Conserving Nature wins award
In a related announcement, Conserving Nature was awarded the Resource Management Law Association’s Publication Award 2021. This was “for a significant contribution to the advancement and understanding of current conservation issues in New Zealand for consideration and application across a wide range of professions”. Authored by EDS Senior Policy Researcher Dr Deidre Koolen-Bourke and Policy Director Raewyn Peart, the report was launched by Conservation Minister Hon Kiri Allan at the EDS conference in July. It is designed to contribute to a national debate on how to build an effective conservation management system for the future. Conserving Nature identifies problems with the conservation system and we are now embarking on Phase 2 our conservation reform project which is identifying solutions (see below).
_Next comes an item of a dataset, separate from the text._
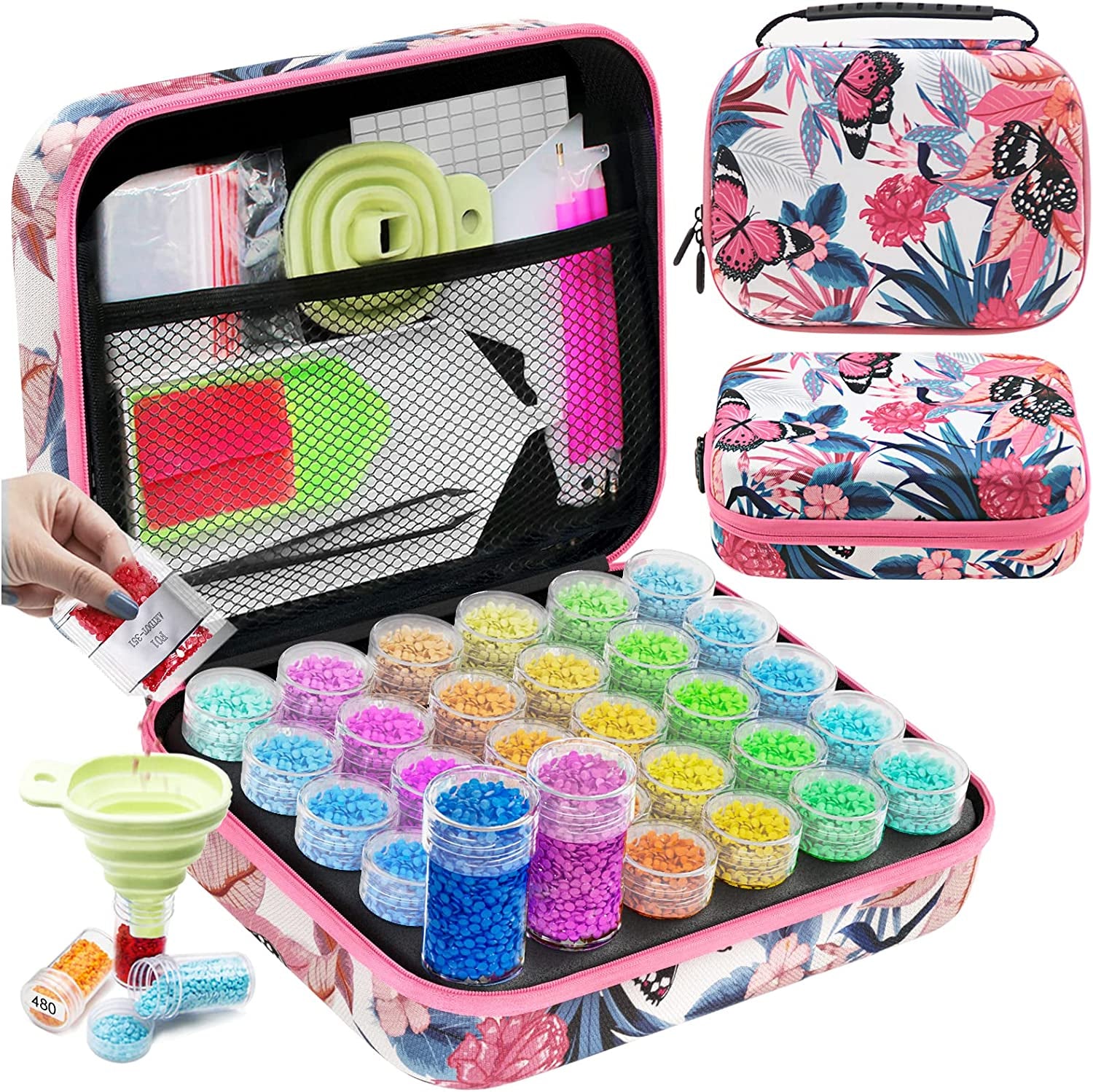 Diamond Painting Storage Boxes, 60 Slots Bead Storage with 5D Diamond Art Accessories and Tools Kit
Copies of the report are available in our bookstore.
EDS’s work on conservation law reform in 2022
With work complete on Phase 1 of EDS’s Conservation Law Reform Project, and the publishing of our issues report Conserving Nature, work is now underway on Phase 2. This work will sit nicely alongside the reform process being led by the Department of Conservation (see above). In Phase 2, EDS’s focus is shifting from examining the issues to canvassing possible solutions and options for reform. A broad, future-focused perspective is being taken, looking at the overall architecture of the conservation system. The project is examining international best practice and will canvas promising new approaches to conservation management. To ensure the work is grounded and contextualised, we plan to engage with stakeholders and regulators actively involved in the conservation system, and to establish a panel of senior Māori advisors. The role of tangata whenua: iwi, hapū and whanau in conservation, and the integration of Te Ao Māori into a future system, will be matters of critical importance.
Native Forest Coalition
A new coalition focused on halting short-term carbon farming was launched by EDS and partners in late November. The group called the Native Forest Coalition includes Pure Advantage, the Rod Donald Trust, the Tindall foundation, Project Crimson, Dame Anne Salmond and Dr Adam Forbes. Although the rise of carbon farming ignited the coalition into action, the overriding concern is the government’s separate treatment of the biodiversity crisis and climate change crisis. This is most evident in the unchecked proliferation of exotic tree planting on the back of an ever-increasing carbon credit price under the emissions trading scheme. Rather than being separate, we see these crises as intertwined, and over the next few months we will be rolling out a work plan focused on aligning policies in the two areas. Top of the list is our call for an inter-agency review. We’ll update you regularly on the Coalition’s progress, but if you have any questions, please contact firstname.lastname@example.org.
Three Waters reforms positive
EDS is broadly supportive of the Three Waters reforms. We have collectively been deep-briefed by the Department of Internal Affairs and see considerable merit in upscaling the provision of Three Waters into new entities. There has been much ill-informed rhetoric from some councils opposing the reforms that reflect naked self-interest. It’s clear to anyone looking at the creaking infrastructure run by them that change is needed to protect public health. Scaling up will enable better science, engineering and funding deployment which is needed to bring Three Waters supply up to modern standards. A related benefit is that these new entities should become powerful advocates for freshwater more generally, hopefully standing alongside public interest advocates in seeking to improve water quality across the country.